Proposer B sends an accept request to each acceptor containing the proposal number it previously used (n=4) and the value associated with the highest proposal number among the prepare response messages it received (v=8). Note that this is not the value that proposer B initially proposed, but the highest value from the prepare response messages it saw.
If an acceptor receives an accept request for a higher or equal proposal number than it has already seen, it accepts and sends a notification to every learner node. A value is chosen by the Paxos algorithm when a learner discovers that a majority of acceptors have accepted a value, as is illustrated below:
Once a value has been chosen by Paxos, further communication with other proposers cannot change this value. If another proposer, proposer C, sends a prepare request with a higher proposal number than has previously been seen, and a different value (for example, n=6, v=7), each acceptor responds with the previous highest proposal (n=4, v=8). This requires proposer C to send an accept request containing [n=6, v=8], which only confirms the value that has already been chosen. Furthermore, if some minority of acceptors have not yet chosen a value, this process ensures that they eventually reach consensus on the same value.
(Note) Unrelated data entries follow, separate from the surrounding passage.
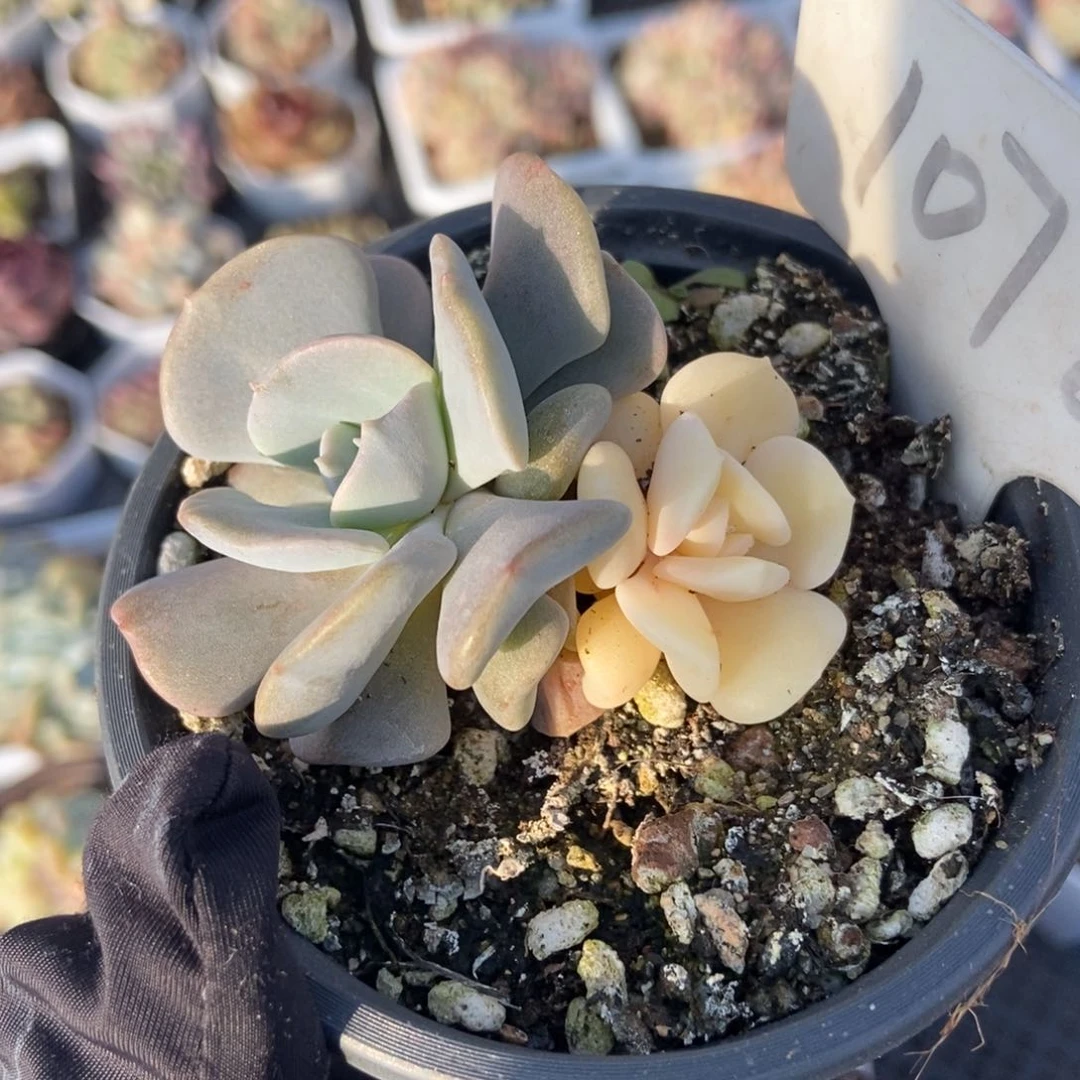 1072雪精灵锦多肉植物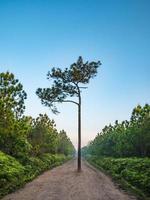 natur spår i de morgon- på phu kradueng berg nationell parkera i loei stad thailand.phu kradueng berg nationell parkera de känd resa destination foto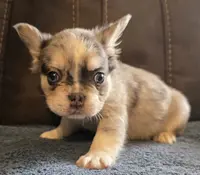 Pink, a female French Bulldog for sale in Baltimore, MD – Photo 2 of 5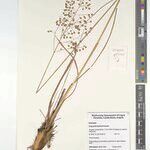Eragrostis thollonii Other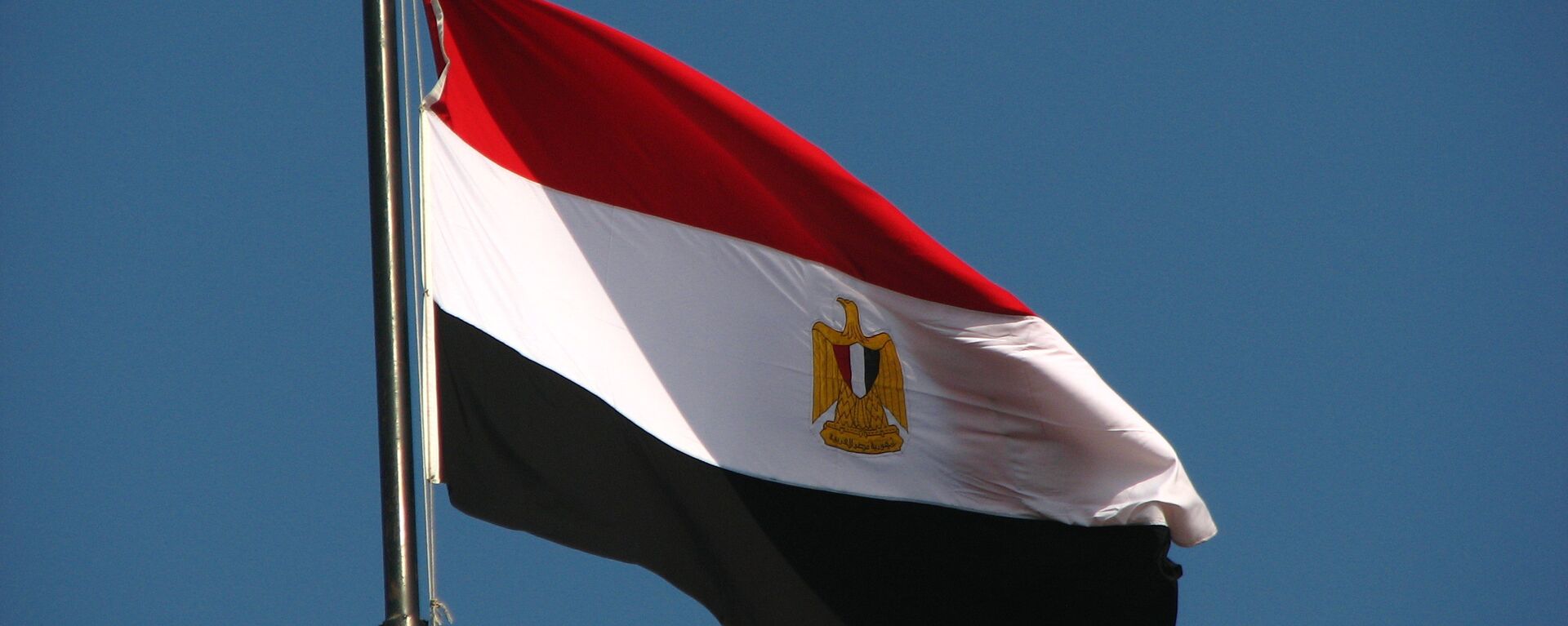 علم مصر - سبوتنيك عربي, 1920, 19.04.2024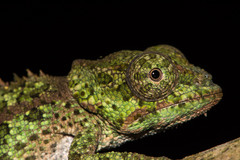 Calumma crypticum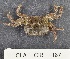  ( - CIB167)  @11 [ ] Copyright (2016) Unspecified DFO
Various efficiency improvements to the standard Paxos algorithm are discussed in the papers by Lamport and Baker et al.. For example, a prepare request is not necessary if the proposer knows that it is the first to suggest a value. The proposal for such a request is numbered 0, so that it will be ignored if any higher numbered requests have been received.
L. Lamport, “Paxos Made Simple” in ACM SIGACT News, vol. 32, no. 4, pp. 18–25, 2001.
Baker, J., Bond, C., Corbett, J. C., Furman, J., Khorlin, A., Larson, J., Léon, J. M., “Megastore: Providing Scalable, Highly Available Storage for Interactive Services” in Proceedings of the Conference on Innovative Data Systems Research, pp. 223-234, 2011.
T. D. Chandra, R. Griesemer, and J. Redstone, “Paxos made live: an engineering perspective”, in Proceedings of the twenty-sixth annual ACM Symposium on Principles of Distributed Computing, 2007, pp. 398–407.
 The method of ensuring the uniqueness of proposal numbers when there are multiple proposers is not specified in the Paxos algorithm itself.
 It may not, but the algorithm is resilient to this.
 Note that this is the highest proposal number that it received from prepare response messages. In this example, proposer B has a higher numbered proposal (n=4) than proposer A (n=2), but it has only received proposer A’s proposal in response to its prepare request. If no previous proposals were returned by the prepare response messages, proposer B would use its own proposal (n=4).
Updated (4/29/15): Updated text to address an ambiguity discussed in a comment.